▶ _Required work_: Below are records; reproduce exactly the lines from the one that has "レイバン公式ストア】 Ray-Ban® RB3588 サングラス | ゴールド上に" through the one that has "Songz appreciation post", ends included, and nothing more.

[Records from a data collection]
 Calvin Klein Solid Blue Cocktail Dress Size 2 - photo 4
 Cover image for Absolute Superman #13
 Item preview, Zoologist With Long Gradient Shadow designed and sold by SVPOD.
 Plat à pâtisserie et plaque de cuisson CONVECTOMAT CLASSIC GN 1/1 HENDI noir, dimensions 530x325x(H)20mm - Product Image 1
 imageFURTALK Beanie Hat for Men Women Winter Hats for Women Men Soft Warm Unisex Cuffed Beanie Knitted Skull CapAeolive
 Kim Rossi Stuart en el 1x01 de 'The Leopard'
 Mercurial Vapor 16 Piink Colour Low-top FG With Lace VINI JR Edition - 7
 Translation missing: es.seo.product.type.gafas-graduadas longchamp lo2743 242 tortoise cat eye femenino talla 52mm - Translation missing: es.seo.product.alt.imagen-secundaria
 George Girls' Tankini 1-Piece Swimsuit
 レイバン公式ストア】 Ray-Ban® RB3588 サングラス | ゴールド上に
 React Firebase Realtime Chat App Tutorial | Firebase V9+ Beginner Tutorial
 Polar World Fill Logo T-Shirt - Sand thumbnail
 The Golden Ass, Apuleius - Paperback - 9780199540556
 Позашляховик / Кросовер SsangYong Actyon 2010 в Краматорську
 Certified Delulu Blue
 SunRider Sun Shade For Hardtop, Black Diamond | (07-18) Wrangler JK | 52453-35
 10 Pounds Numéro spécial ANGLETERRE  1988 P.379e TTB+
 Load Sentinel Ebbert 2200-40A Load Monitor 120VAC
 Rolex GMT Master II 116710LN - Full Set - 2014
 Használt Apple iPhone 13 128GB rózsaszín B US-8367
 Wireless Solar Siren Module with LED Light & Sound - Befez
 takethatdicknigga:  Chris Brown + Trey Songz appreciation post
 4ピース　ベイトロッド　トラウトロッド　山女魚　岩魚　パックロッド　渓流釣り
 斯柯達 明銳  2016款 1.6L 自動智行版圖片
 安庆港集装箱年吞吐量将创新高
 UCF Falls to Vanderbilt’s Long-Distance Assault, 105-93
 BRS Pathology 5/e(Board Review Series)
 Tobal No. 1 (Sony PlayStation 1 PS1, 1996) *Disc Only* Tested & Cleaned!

▶ _Exercise response_:
 レイバン公式ストア】 Ray-Ban® RB3588 サングラス | ゴールド上に
 React Firebase Realtime Chat App Tutorial | Firebase V9+ Beginner Tutorial
 Polar World Fill Logo T-Shirt - Sand thumbnail
 The Golden Ass, Apuleius - Paperback - 9780199540556
 Позашляховик / Кросовер SsangYong Actyon 2010 в Краматорську
 Certified Delulu Blue
 SunRider Sun Shade For Hardtop, Black Diamond | (07-18) Wrangler JK | 52453-35
 10 Pounds Numéro spécial ANGLETERRE  1988 P.379e TTB+
 Load Sentinel Ebbert 2200-40A Load Monitor 120VAC
 Rolex GMT Master II 116710LN - Full Set - 2014
 Használt Apple iPhone 13 128GB rózsaszín B US-8367
 Wireless Solar Siren Module with LED Light & Sound - Befez
 takethatdicknigga:  Chris Brown + Trey Songz appreciation post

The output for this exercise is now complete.